Bootstrapping the Bootstrapper | The Cooperative Computing Lab

Much of our recent work has involved running Python applications at scale. While Python itself has pretty mediocre performance, it does make a convenient language for directing operations that use high-performance implementations. Numpy is a good example of this paradigm: the user might write high-level Python code, try things out interactively, and keep everything in a Jupyter Notebook . But Numpy is implemented using highly-optimized C code to carry out the actual operations, so users can work in a friendly Python environment while still taking advantage of fast compiled code. One can take a similar approach for remote and parallel execution: Parsl allows users to write their applications using decorated Python functions. Behind the scenes, the runtime can send these functions to nodes in a cluster, cloud, etc. to execute and bring the results back. The user doesn't have to know that their Python function actually ran on a supercomputer, and the runtime uses futures to make it seem like a simple asynchronous function call.

To make that seamless execution work, we need to be able to run user-provided Python code on remote nodes. Those nodes, however, are often not set up the same way as the node where the application is running; maybe the node only has Python 2 but the app Python 3, maybe some libraries are missing, or maybe Python isn't installed at all. Any of these differences would prevent the user's code from running.
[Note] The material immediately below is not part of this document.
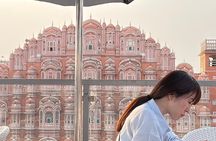 Taj Mahal and the Golden Triangle 
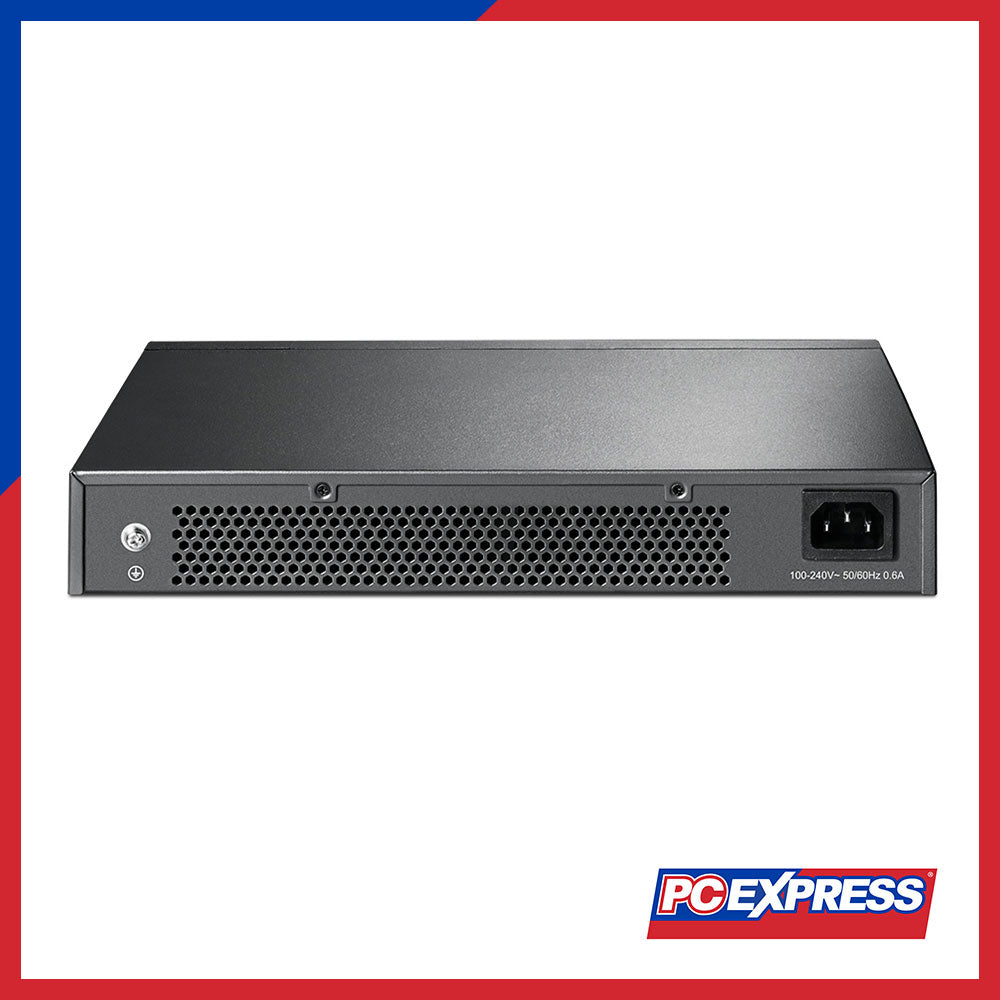 TP-LINK TL-SG1024D 24-Port Gigabit Desktop/Rackmount Switch - PC Express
To be able to seamlessly send code and data back and forth, we need to have a consistent Python environment on all the nodes. In a cluster a shared filesystem can help with this, with all nodes working from a common Python installation. If a shared filesystem isn't available, we need some other means to set up a common Python environment. We could simply require that users manually configure all nodes, but this is tedious and error prone. It also breaks the abstraction: a user should be able to write and run Python code on their laptop, flip a switch, and run that same code on a cluster. We need a way to bootstrap a working Python environment on remote nodes. Our goal then will be to take a packaged Python environment (created using Conda and conda-pack ) and get up and running on nodes where dependencies (or even Python itself) may not be available.

But what are the exact requirements for our packaging setup? conda-pack includes Python code, as well as some sh . Python packages with embedded C libraries are supported, so do we need to include anything for those? And the whole package needs to be uncompressed and extracted. At a minimum, we'll need tar to be available and support compression ( conda-pack generates .tar.gz files by default). Which brings us to the main question of this piece: what do we need to bootstrap the bootstrapper ? The absolute minimum would be a kernel and nothing else. Based on knowing a bit about conda-pack and Python applications, we'll need more than just a kernel.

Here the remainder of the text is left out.